More bumps lie ahead. As all those big name Twitch streamers have shown, true role-playing attracts bad actors looking to make fun of or otherwise disrupt the RP. The players in those role-playing situations somehow manage to soldier on, which Cudicio takes as a testament to their commitment to the role-play. But Wagadu faces an even greater risk of disruption given its staunch commitment to Blackness and queerness — two identities the most unsavory elements in gaming target most frequently. True, committed role-play is an incredibly vulnerable act, and that kind of hatred could threaten the game's life.
Cudicio says they're not worried about this possibility. They're ready for it.
"When you're living your life as a Black man, you accept that there's always going to be a higher percentage of hostility from people just because you're Black. And that applies for the products that I make as a Black man, as well. It's sad, possibly, but I think that there's enough tools and software and everything to provide an experience that is going to be still safe, and cozy, and so on," he said.
In addition to the standard moderating tools of muting players and reporting them, The Wagadu Chronicles will mute new players for a while, giving them time to see how other players act and speak. There will be an onboarding system to teach them how to role-play. Public testing periods tentatively scheduled for 2022 will further refine these systems. But above all else, Cudicio says Twin Drums will be "ruthless in protecting the community."
In other words: talk shit, get kicked.
Changing Times and the Chain of Inspiration
For all the work Cudicio and team are putting into nailing the representation in their game, they know The Wagadu Chronicles won't be perfect. Times change, as do morals and standards. They know that someday soon, their game could look as dated as anything else on the market. For Cudicio, that would be a future worth seeing.
"It could be that maybe in 20 years time, some super cool Black creators from the US, or Afro-Brazilians, or Africans, they get together, make a video game, and look back at the Wagadu Chronicles and say, 'Ah, you can tell this was very early," he said. "And I think that's awesome."

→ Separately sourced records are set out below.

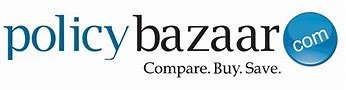 “PolicyBazaar: Empowering Financial Futures – The Insurance Startup Success Story”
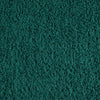 vidaXL Asciugamani Premium SOLUND 4 pz Verdi 100x200 cm 600 g/m² - Image 3 of 5
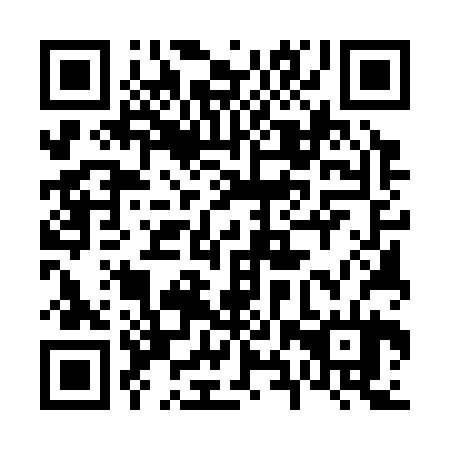QR code for 68U 324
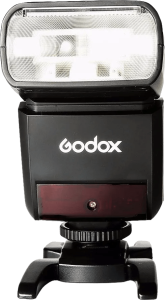 Godox speedlite tt350 sony 2 792107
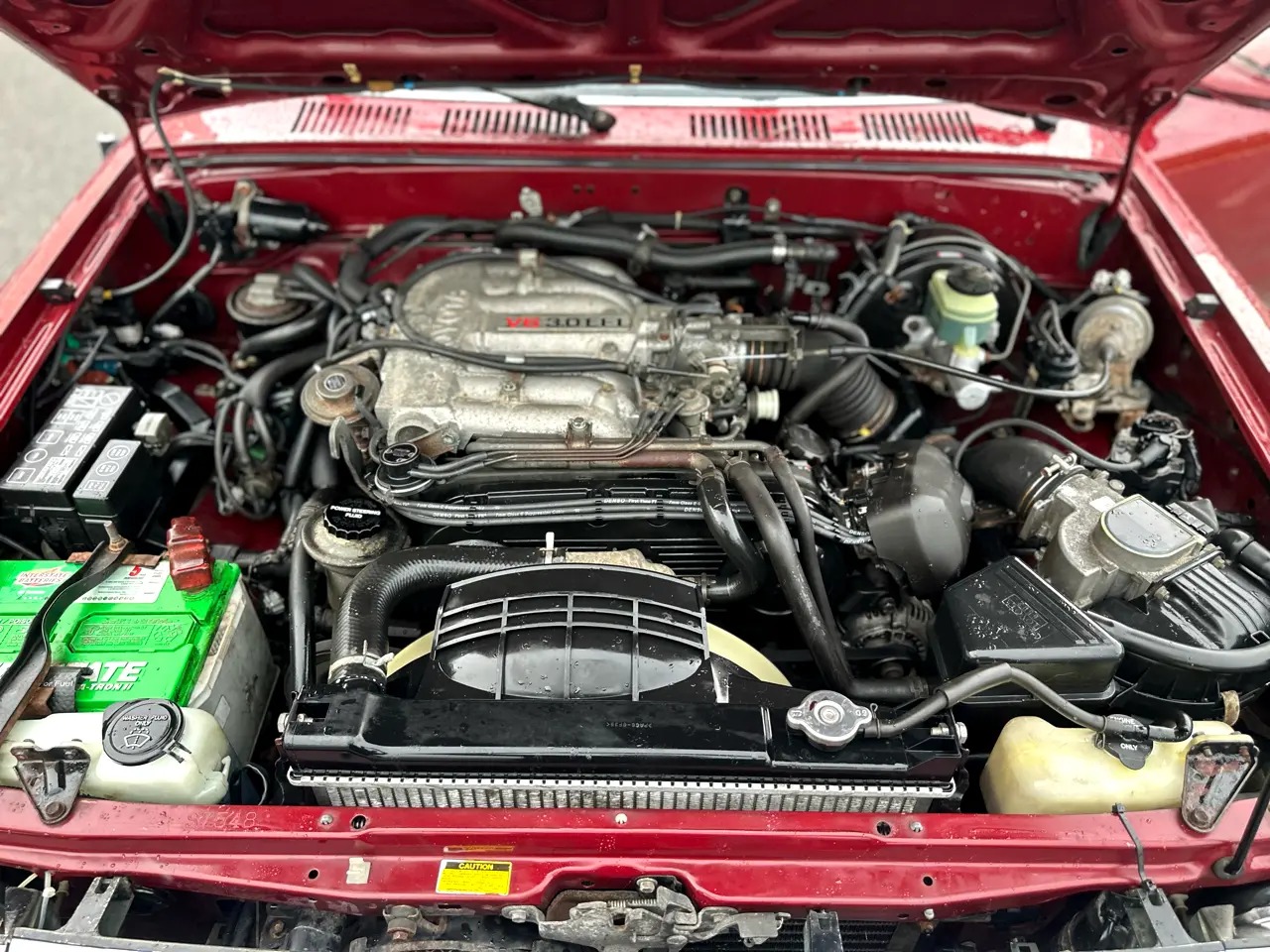 1190-toyota-4runner-sr5-for-sale-chantilly-va-4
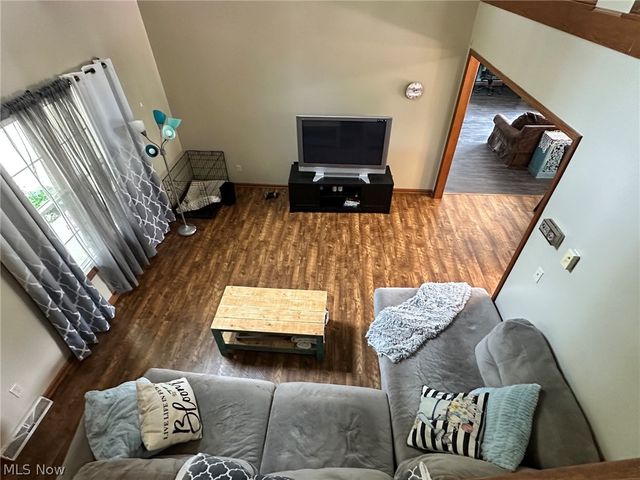 2462 Candlewood Drive, Avon, OH 44011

Because, ultimately, The Wagadu Chronicles, for all its focus on the past, is about the future. Cudicio told me about a white manager he had once who was a huge fantasy fan, who had dreamt about those worlds and characters for his whole life. When they finally found a chance to visit Europe, the very first castle they saw blew their mind. Here, at long last, was the origin point for all these stories they had treasured so deeply, all the worlds they had so longed to join. The weapons and armor inside only deepened the effect.
This is what Cudicio wants to give his players: the chance to fall in love with a fantastical new world, and then to visit its real world inspirations with a new respect for history. To revive Africa's past and brighten the world's future. And to be another link in a never-ending chain of inspiration.